• **Problem requirements**
Directions for the data below: repeat exactly the lines from the one with "Hello and welcome" through the one with "Welcome, YouTubers, to", both included, and omit all pictures.

Information provided Block Start

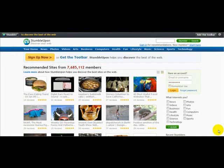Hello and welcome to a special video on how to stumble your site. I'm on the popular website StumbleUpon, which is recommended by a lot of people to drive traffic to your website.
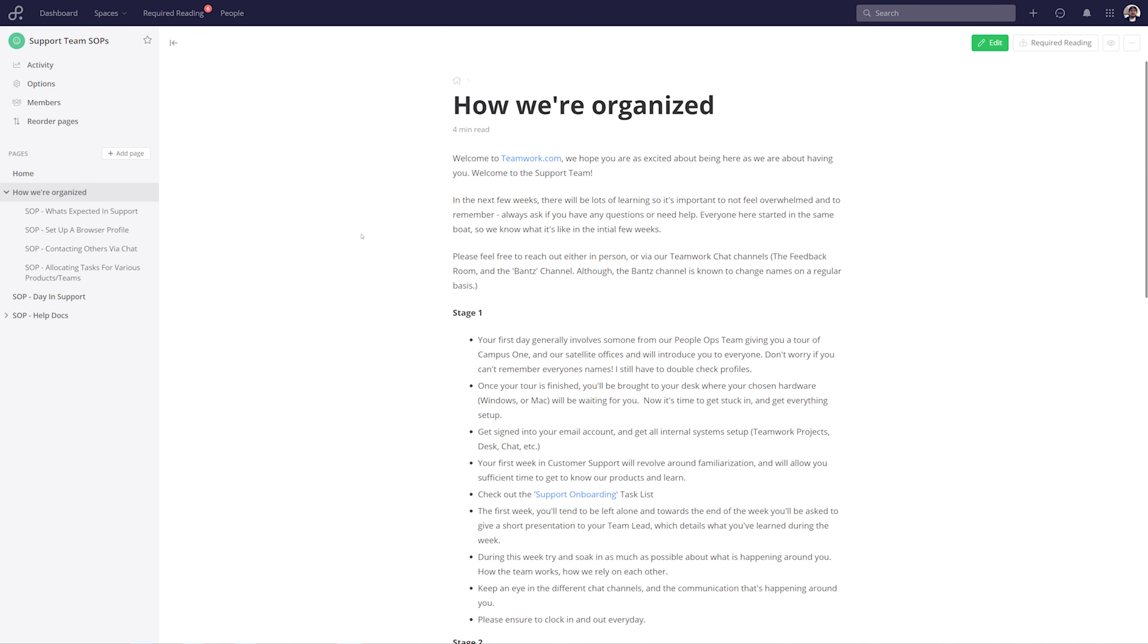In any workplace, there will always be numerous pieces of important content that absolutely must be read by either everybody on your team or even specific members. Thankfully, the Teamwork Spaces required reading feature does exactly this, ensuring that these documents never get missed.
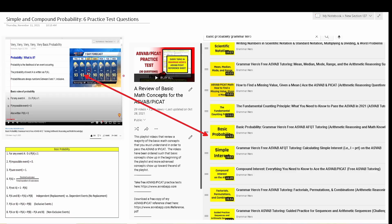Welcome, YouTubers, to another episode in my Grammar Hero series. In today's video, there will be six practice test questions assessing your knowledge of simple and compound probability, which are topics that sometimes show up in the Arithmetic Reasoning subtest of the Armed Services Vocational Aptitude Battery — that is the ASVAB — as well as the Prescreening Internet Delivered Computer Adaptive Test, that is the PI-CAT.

Information provided Block End
Information provided Block Start

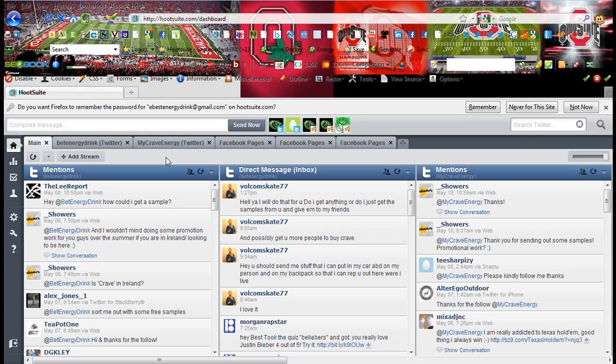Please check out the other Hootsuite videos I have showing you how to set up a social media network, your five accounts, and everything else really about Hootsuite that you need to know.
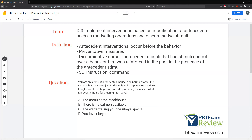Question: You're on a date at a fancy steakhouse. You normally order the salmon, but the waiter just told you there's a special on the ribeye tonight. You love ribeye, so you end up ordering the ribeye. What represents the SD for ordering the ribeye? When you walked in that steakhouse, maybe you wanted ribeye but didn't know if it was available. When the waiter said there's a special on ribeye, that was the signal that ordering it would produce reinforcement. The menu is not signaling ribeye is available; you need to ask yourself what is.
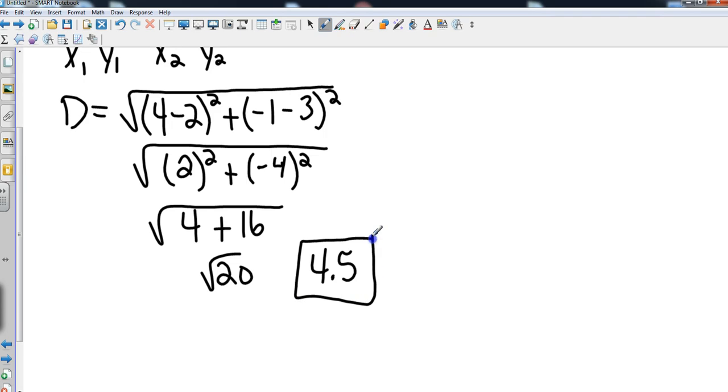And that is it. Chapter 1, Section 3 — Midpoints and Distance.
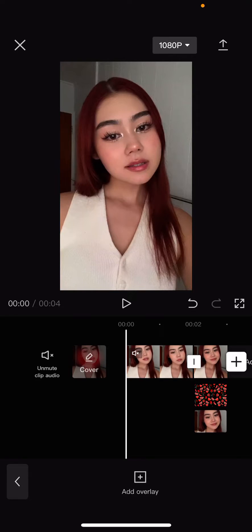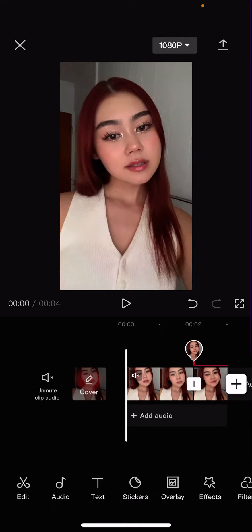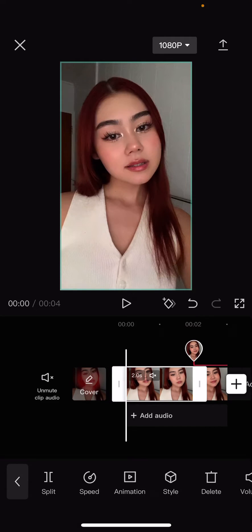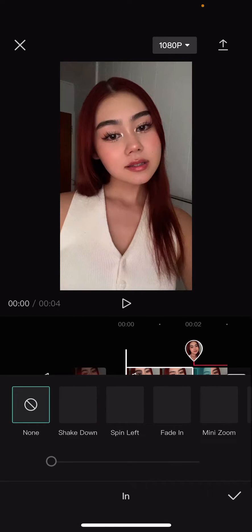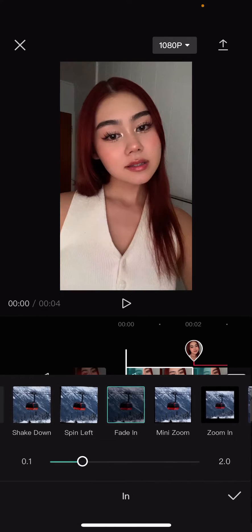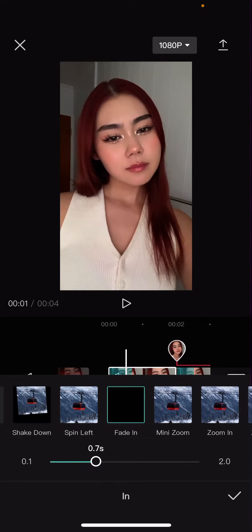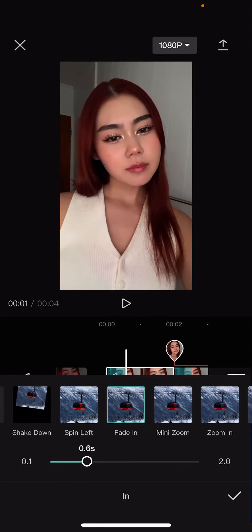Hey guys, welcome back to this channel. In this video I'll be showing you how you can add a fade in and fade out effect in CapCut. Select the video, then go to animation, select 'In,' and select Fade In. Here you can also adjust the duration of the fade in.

Information provided Block End

• **Result**
Hello and welcome to a special video on how to stumble your site. I'm on the popular website StumbleUpon, which is recommended by a lot of people to drive traffic to your website.
In any workplace, there will always be numerous pieces of important content that absolutely must be read by either everybody on your team or even specific members. Thankfully, the Teamwork Spaces required reading feature does exactly this, ensuring that these documents never get missed.
Welcome, YouTubers, to another episode in my Grammar Hero series. In today's video, there will be six practice test questions assessing your knowledge of simple and compound probability, which are topics that sometimes show up in the Arithmetic Reasoning subtest of the Armed Services Vocational Aptitude Battery — that is the ASVAB — as well as the Prescreening Internet Delivered Computer Adaptive Test, that is the PI-CAT.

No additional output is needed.